Who wants to hear you complain? Channel your harsh feelings into improving conditions.
Do you want to get fired? Moping around all bitchy at work. Complaining constantly. Not lifting a finger to try and fix your issues.
Won’t take long for others to clue. Some’ll defriend you. Then the boss criticizes your crap attitude. Hey, you’re halfway out the door!
There are better ways to deal with grievances if you figure on keeping this job.
Flashback To What You Bought Into
First step is a stroll down memory lane, to when you signed up for this role. Remember any yellow flags? Maybe a boss that was a little more irritating than the norm. Longer hours than you’d have liked.
Or the pay didn’t quite measure up.
Thing is, whichever flaws you knew about when accepting the job, you own them. They were hundo p part of the bargain you made. So unless they’re now resolvable, either accept ‘em, clam up, or move on.
Triage The Real Problems
What’s pissing you off most? Write down your workplace complaints. Choose the ones making you daydream outrageously. Like how you’d love to scream at your boss to shove it. Or introduce that obnoxious co-worker’s smirk to a nearby wall. Ah, catharsis.
Figure Out What’s Changeable
Not all problems are solvable. A crappy boss might be entrenched for years, torturing you daily. The company may never stop cheaping out on tech or training.
You can only alter what’s changeable. Pinpoint the issues your efforts have a chance of shifting. Come up with some ideas on how to improve things. Now instead of bitching, go make suggestions for improvement. Offer solutions, not squawking.
An alternative is to do find workarounds. Hate your boss? Convince them that letting you work remotely (seeing them never) makes you more productive. Offer to split the cost of training.

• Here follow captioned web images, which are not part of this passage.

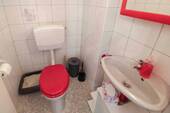 WC - 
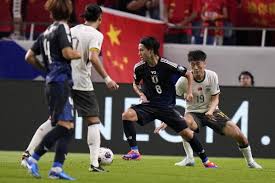 国足策马扬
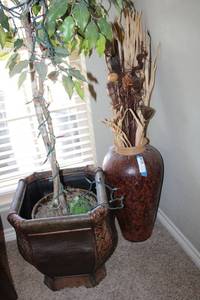 lot 34 image: Potted Artificial Ficus tree with lights and Tall Decorative Vase arrangement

Same when buying your own non-obsolete software and devices.
Hide The Worst Of Your Disgruntlement
Endless naysaying makes you painfully annoying. To keep your job you’ve got to stay in the game. Part of this requires continuing to look the part.

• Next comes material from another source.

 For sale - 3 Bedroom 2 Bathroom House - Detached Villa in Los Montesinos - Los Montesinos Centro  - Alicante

If necessary fake engagement while figuring stuff out. Don’t stop being productive for long. Scowl into the bathroom mirror on breaks. Don’t spray a firehose of complaints on your colleagues (A trickle here and there’s about all.)

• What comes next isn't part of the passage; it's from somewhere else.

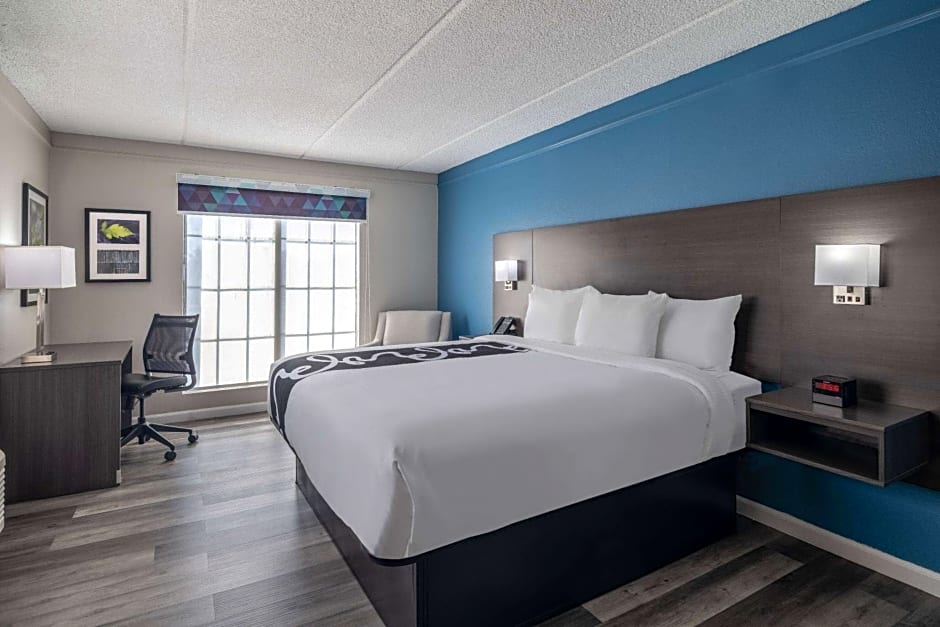 La Quinta Inn & Suites by Wyndham Sacramento North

Still so fed up you want to quit or act out? Halt and make a gratitude list. Include all that’s worthwhile at work. Could be merely having a steady paycheck. Okay, if for now, that delays a regrettable job search.
Turn Frustration Into Progress
Punching walls and throwing scissors ain’t for grownups. If you’ve just got to gripe, complain professionally.
Pick your battles and fight only for what matters most. Seek safety in numbers, where possible, when an issue applies to other workers too. Point to a precedent that was handled satisfactorily. Venting may bring momentary satisfaction. But unless the issue’s a threat to your health, employment, or the company’s viability, quietly flip the frown into fixes.